WORK TASK: Return the data below unchanged. Drop any pictures.

GIVEN DATA:
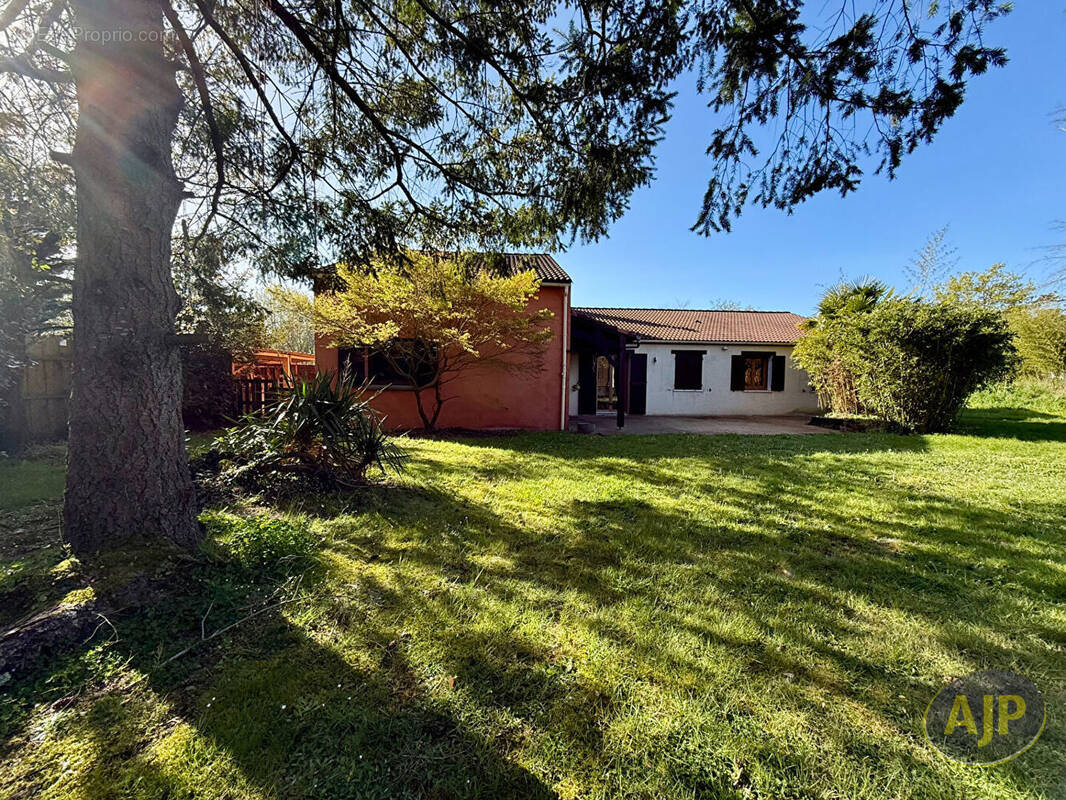 Maison à SAINTE-PAZANNE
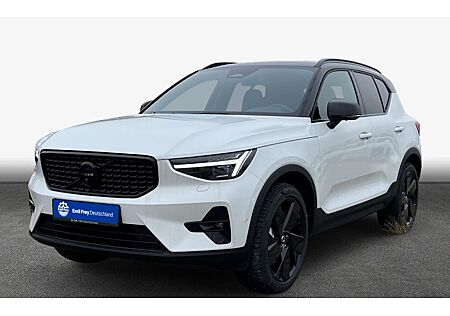Volvo XC 40 B3 Plus Black Edition DCT 5 Türen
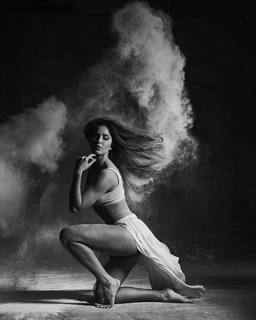 Katrina Kaif feet photo thumbnail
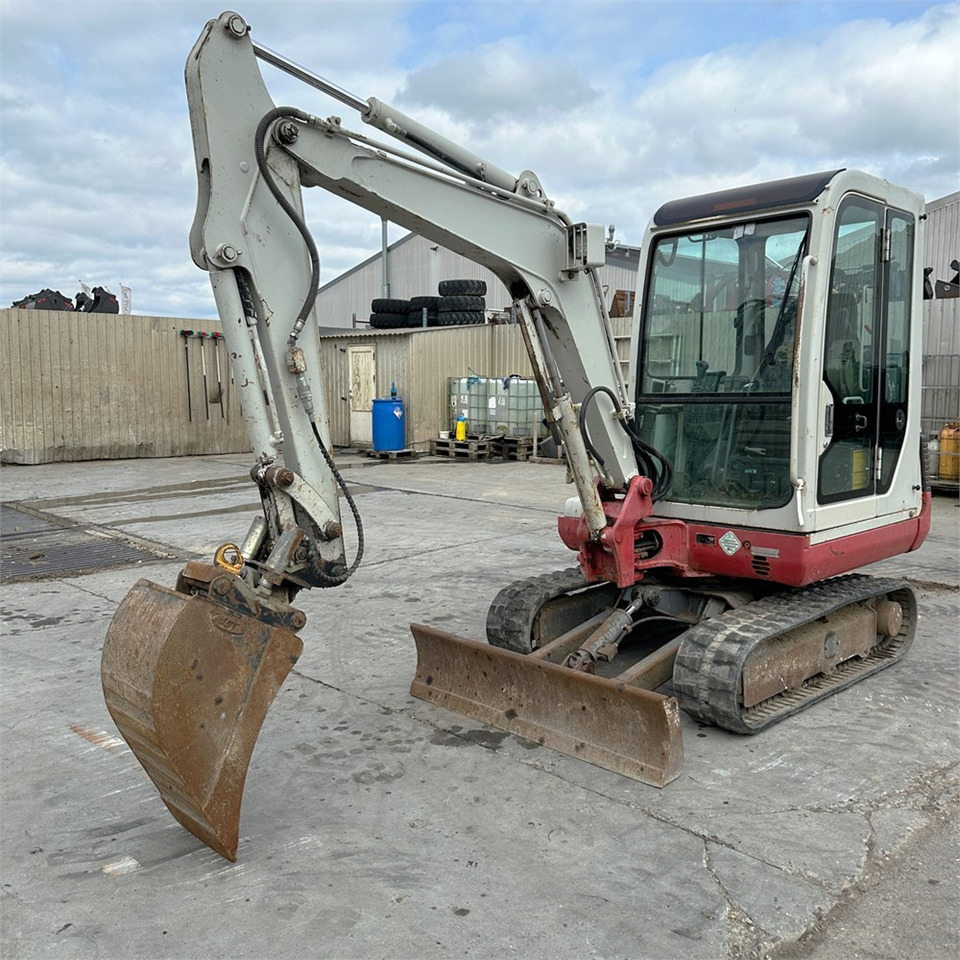 Takeuchi TB125 - Mini pelle: photos 2 Takeuchi TB125 - Mini pelle: photos 2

EXERCISE SOLUTION:
 Maison à SAINTE-PAZANNE
Volvo XC 40 B3 Plus Black Edition DCT 5 Türen
 Katrina Kaif feet photo thumbnail
 Takeuchi TB125 - Mini pelle: photos 2 Takeuchi TB125 - Mini pelle: photos 2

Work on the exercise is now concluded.